====== Data extracts

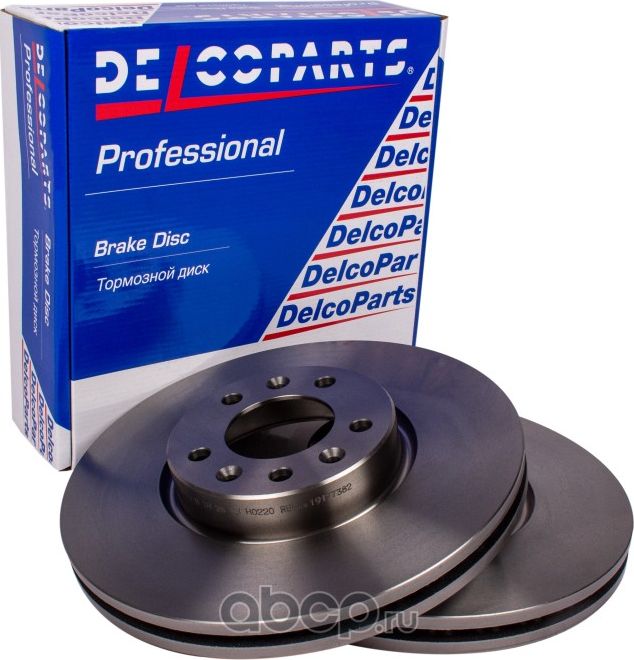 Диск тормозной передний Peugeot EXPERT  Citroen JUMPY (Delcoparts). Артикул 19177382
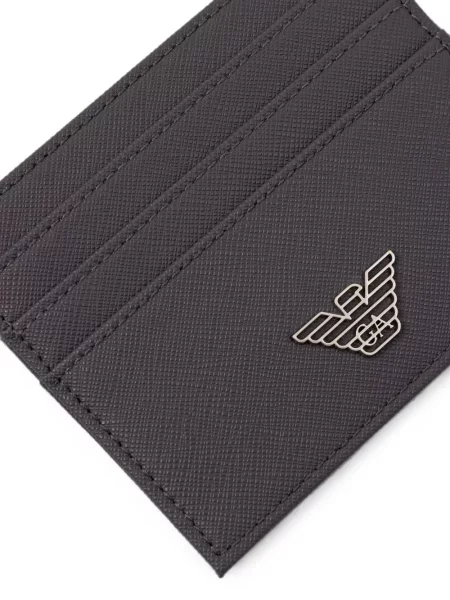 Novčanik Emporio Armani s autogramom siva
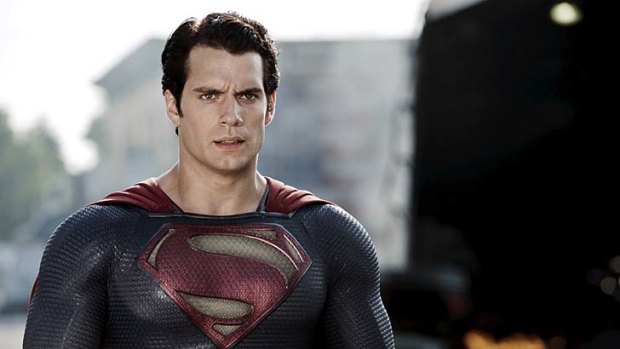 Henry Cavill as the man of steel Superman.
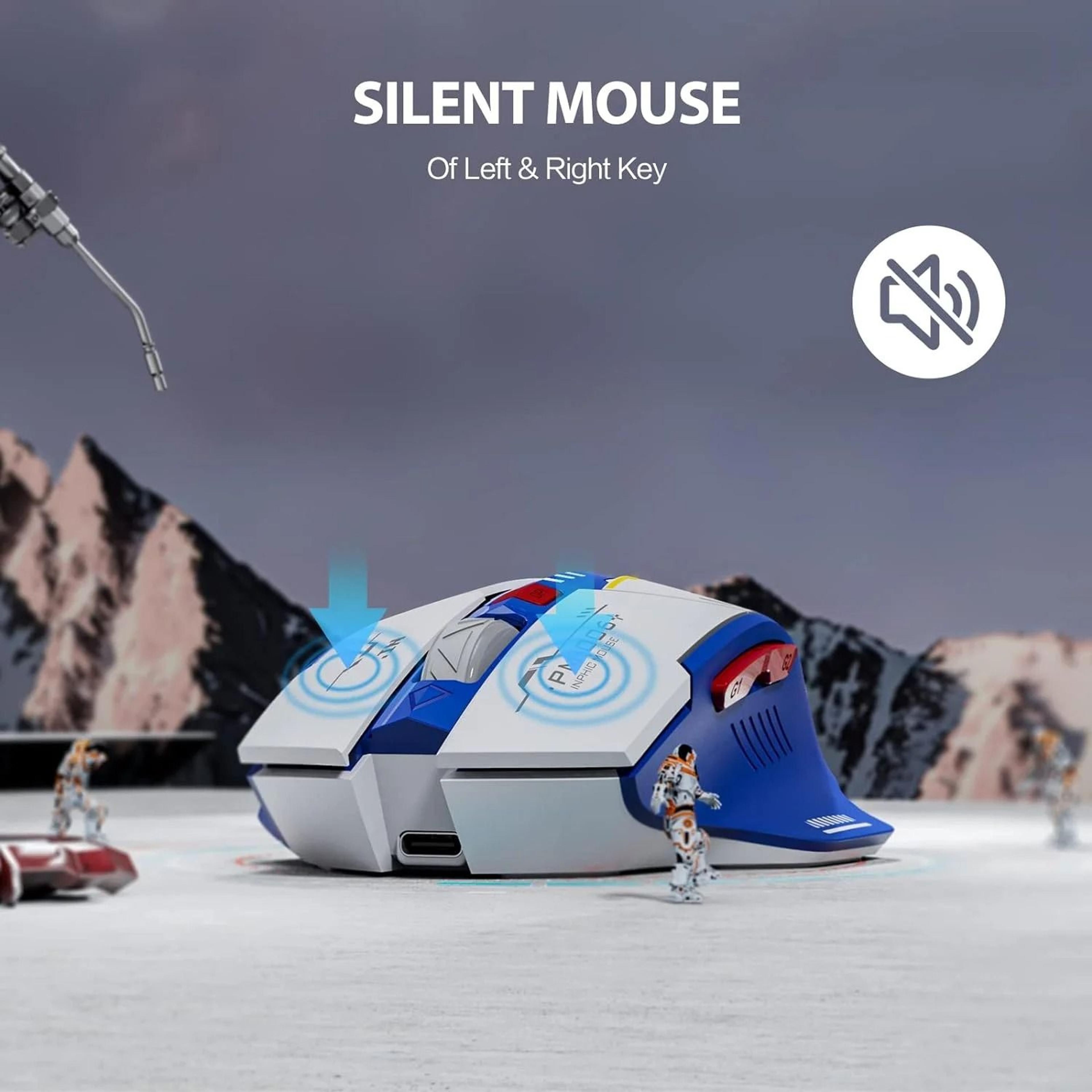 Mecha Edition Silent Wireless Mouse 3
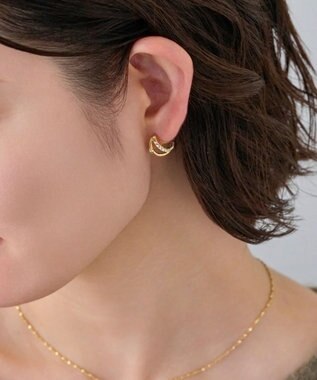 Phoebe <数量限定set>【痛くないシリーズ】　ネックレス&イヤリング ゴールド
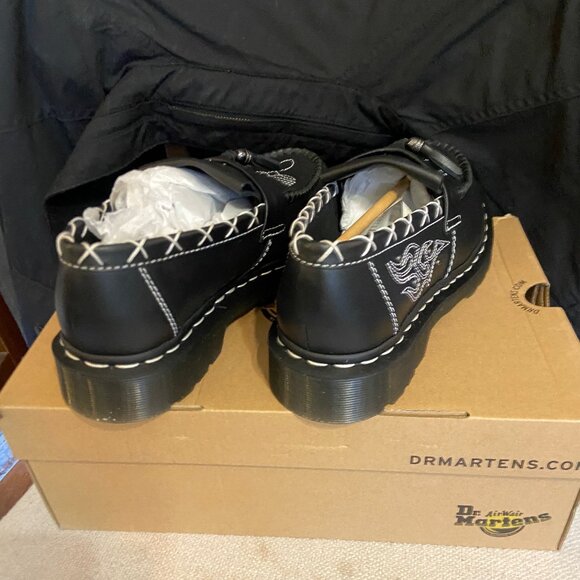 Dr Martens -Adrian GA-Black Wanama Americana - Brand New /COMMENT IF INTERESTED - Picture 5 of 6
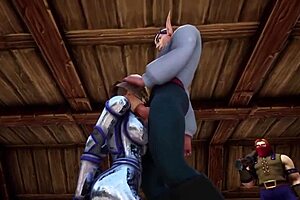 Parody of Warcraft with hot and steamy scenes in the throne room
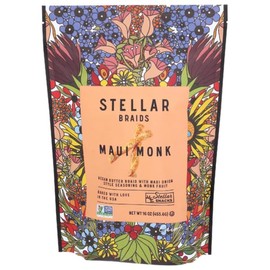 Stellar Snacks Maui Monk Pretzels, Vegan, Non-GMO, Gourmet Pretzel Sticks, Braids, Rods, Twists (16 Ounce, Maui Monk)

============

Instructions to follow: Within the entries above, give again exactly the lines starting at the one that contains "Mecha Edition Silent Wireless Mouse 3" and ending at the one that contains "Parody of Warcraft", leaving out the pictures.

Expected answer:
 Mecha Edition Silent Wireless Mouse 3
 Phoebe <数量限定set>【痛くないシリーズ】　ネックレス&イヤリング ゴールド
 Dr Martens -Adrian GA-Black Wanama Americana - Brand New /COMMENT IF INTERESTED - Picture 5 of 6
 Parody of Warcraft with hot and steamy scenes in the throne room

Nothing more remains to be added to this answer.